Sunday, January 4, 2009

DINAMIKA PERKEMBANGAN KAWASAN HUTAN
Oleh : Ali Djajono*
Sebagai institusi Pemerintah yang diberi beban tanggung jawab menangani dan mengurusi kawasan hutan, sudah selayaknya kalau Departemen Kehutanan dalam merancang pembangunan kehutanan harus selalu berbasis kawasan. Artinya kawasan hutan termasuk isi, potensi, keberadaan dan pengaruhnya bagi sektor lain harus selalu menjadi fokus dalam penyusunan rencana kehutanan. Ironisnya data informasi tentang kawasan hutan yang komprehensif dan akurat untuk mendukung hal tersebut belum tersedia.
Departemen Kehutanan telah memenuhi kewajiban dalam menyusun rencana pembangunan (sesuai amanat UU. No. 25 tahun 2004 tentang Perencanaan Pembangunan) yang merupakan bagian dari Rencana Pembangunan secara Nasional yaitu masing-masing: Rencana Pembangunan Jangka Panjang (RPJP) Kehutanan 2006-2025, Rencana Strategis Kementerian/Lembaga 2005-2009 dan Rencana Pembangunan Tahunan (Rencana Kerja Kementerian/Lembaga). Dengan kesadaran bahwa rencana pembangunan ini masih dilandasi oleh keterbatasan data informasi tentang kawasan hutan yang komprehensif dan akurat. Oleh karena itu penggambaran identifikasi awal eksistensi kawasan hutan dengan segala permasalahannya menjadi bagian yang sangat penting dalam melandasi penyusunan rencana kehutanan.
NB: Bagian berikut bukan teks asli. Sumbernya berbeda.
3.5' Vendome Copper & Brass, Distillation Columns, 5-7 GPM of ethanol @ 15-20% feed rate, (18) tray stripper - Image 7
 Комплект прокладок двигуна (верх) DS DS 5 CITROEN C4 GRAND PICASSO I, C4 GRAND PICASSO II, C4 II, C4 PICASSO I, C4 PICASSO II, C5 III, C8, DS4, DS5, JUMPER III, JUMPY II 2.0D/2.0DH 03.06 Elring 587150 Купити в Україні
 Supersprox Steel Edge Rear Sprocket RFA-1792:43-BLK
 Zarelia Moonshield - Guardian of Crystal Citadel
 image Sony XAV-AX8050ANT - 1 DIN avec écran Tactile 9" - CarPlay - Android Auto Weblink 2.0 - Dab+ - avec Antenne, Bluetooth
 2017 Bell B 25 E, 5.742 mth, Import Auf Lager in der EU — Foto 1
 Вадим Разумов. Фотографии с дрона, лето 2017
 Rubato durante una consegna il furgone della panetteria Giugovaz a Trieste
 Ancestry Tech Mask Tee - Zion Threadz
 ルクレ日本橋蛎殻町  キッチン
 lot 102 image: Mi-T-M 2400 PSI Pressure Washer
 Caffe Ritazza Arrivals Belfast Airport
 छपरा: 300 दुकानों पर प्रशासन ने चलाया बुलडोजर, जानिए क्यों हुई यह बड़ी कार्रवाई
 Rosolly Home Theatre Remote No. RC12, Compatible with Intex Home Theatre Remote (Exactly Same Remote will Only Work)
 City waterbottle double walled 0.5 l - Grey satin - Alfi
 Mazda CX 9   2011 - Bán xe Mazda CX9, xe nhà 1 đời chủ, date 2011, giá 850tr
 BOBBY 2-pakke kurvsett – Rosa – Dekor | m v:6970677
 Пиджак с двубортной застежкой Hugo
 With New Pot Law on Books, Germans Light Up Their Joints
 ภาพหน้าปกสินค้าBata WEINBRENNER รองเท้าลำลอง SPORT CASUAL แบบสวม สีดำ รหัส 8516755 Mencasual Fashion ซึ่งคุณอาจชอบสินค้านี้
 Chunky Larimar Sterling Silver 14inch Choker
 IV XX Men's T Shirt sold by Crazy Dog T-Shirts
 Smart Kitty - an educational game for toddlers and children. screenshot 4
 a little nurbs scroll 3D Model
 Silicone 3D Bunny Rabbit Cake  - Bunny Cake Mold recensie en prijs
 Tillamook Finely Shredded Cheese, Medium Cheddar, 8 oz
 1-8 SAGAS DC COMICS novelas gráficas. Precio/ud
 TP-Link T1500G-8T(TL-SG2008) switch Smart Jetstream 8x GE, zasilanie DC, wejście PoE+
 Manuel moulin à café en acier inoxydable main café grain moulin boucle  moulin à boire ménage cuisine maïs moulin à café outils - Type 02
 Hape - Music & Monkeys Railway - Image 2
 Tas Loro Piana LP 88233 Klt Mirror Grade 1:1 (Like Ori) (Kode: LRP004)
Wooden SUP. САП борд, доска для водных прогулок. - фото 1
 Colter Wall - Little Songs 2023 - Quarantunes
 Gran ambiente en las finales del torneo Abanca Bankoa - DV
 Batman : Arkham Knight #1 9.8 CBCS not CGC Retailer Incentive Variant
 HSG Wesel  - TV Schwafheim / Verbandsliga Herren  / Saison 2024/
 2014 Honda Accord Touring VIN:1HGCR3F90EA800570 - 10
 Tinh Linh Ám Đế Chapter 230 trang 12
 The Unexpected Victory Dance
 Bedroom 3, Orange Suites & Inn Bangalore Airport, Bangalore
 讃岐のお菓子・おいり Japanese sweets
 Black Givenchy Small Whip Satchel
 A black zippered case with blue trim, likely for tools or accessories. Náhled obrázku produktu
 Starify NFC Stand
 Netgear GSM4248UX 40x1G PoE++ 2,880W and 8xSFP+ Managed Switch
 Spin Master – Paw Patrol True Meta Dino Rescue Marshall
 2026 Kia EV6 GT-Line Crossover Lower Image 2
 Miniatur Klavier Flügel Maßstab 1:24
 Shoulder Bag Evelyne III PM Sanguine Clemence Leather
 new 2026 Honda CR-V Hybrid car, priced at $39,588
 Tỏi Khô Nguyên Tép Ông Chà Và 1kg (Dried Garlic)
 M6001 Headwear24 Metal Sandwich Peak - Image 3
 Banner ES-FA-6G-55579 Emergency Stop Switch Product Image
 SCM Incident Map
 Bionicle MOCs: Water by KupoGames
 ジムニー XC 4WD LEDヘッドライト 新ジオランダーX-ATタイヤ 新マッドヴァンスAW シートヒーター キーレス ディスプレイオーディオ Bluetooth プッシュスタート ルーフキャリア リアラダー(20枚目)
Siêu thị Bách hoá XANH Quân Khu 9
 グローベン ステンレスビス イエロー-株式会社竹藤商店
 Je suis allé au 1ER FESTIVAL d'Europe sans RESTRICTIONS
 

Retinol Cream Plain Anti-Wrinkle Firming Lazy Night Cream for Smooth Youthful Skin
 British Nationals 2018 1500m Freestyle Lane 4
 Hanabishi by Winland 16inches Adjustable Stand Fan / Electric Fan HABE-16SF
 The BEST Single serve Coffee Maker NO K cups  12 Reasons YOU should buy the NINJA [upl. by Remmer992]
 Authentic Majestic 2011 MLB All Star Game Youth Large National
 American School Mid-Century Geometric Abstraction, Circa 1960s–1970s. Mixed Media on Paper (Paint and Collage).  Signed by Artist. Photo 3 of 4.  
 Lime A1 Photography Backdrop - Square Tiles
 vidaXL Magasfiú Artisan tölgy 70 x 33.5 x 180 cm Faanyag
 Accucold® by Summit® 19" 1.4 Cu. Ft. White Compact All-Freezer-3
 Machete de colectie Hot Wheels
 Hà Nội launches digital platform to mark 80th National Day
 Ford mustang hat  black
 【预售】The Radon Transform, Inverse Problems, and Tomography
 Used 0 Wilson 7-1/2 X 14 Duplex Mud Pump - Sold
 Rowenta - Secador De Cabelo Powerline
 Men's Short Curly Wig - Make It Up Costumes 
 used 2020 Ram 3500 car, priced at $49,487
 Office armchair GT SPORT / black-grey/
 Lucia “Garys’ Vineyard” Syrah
Tulisan dibawah ini mencoba untuk menyampaikan informasi dinamika perkembangan kawasan hutan yang merupakan gambaran proses perubahan-perubahan dalam kawasan hutan. Uraiannya terbatas pada gambaran umum dinamika dan tidak sampai pada penyajian data dan informasi yang lengkap tentang keberadaan dan kondisi kawasan hutan terkini.

RAGAM DINAMIKA KAWASAN
Kawasan hutan Indonesia di klaim seluas 120,35 juta Ha dan terdistribusi dalam fungsi konservasi, lindung dan produksi. Data luasan ini telah dirilis sejak beberapa tahun yang lalu. Dalam perkembangannya luasan tersebut tidaklah statis atau tidak berubah-ubah, dinamika perkembangan pembangunan wilayah baik di dalam sektor kehutanan sendiri maupun non kehutanan berimplikasi pada perubahan kawasan hutan baik status maupun fungsinya. Apabila ditengok per wilayah, ada wilayah-wilayah provinsi tertentu yang berkurang luasannya, ada yang bertambah bahkan ada yang tetap. Sehingga sampai dengan saat ini luasan kawasan hutan sebenarnya sudah tidak lagi 120,35 juta Ha.
Sebelum melihat lebih lanjut dinamika perubahan kawasan hutan, perlu ditinjau eksistensi status dan fungsi kawasan hutan hingga saat ini. Kaberadaan kawasan hutan tidak dapat dilepaskan dari proses pengukuhan kawasan hutan, mulai dari penunjukan, penataan batas kawasan, pemetaan dan penetapan kawasan hutannya. Sampai dengan saat ini kondisi kawasan hutan di Indonesia dapat dikategorikan dalam beberapa tingkatan, antara lain: a) kawasan hutan yang belum ditata batas, b) kawasan hutan yang telah ditata batas, tetapi masih dalam proses pengesahan dan penetapannya, c) kawasan hutan yang sebagian batasnya telah ditata batas dan disahkan oleh Mentari Kehutanan, d) kawasan hutan yang telah ditetapkan oleh Menteri Kehutanan. Tingkatan-tingkatan tersebut mengandung konsekwensi hukum keberadaan kawasan hutan. Namun sayang keberadaan dokumen-dokumen pendukung termasuk petanya sebagian besar tercerai berai. Kondisi ini terjadi terutama akibat dari proses transisi desentralisasi/otonomi daerah yang tidak terkontrol sejak tahun 1999.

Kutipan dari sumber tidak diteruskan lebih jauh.